• ABOUT THIS TASK
Going line by line through the records below, count those with the word "side" and give only the count.

(Beginning of DATA PROVIDED)

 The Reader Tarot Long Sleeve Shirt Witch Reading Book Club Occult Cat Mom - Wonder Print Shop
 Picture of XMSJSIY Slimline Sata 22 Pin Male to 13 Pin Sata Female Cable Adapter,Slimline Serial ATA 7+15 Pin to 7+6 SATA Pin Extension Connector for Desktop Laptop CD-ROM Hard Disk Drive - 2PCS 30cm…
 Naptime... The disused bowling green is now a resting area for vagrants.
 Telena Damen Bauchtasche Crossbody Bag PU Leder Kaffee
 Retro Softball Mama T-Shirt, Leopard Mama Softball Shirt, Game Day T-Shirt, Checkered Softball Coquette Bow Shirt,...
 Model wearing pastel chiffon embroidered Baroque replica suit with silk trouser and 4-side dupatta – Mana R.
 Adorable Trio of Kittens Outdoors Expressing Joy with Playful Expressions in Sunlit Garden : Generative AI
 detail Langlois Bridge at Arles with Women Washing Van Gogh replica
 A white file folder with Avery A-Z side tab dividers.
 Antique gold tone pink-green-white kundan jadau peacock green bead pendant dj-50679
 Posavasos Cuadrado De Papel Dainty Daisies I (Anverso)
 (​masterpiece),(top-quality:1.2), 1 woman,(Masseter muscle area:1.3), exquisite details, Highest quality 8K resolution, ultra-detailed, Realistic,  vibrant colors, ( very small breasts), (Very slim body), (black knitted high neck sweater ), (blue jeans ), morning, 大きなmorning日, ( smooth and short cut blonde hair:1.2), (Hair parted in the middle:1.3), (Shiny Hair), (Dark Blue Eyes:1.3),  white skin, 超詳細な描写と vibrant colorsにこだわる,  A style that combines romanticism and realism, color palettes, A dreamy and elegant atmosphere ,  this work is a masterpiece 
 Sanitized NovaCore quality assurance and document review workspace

(End of DATA PROVIDED)

• OUTPUT FOR THIS TASK
2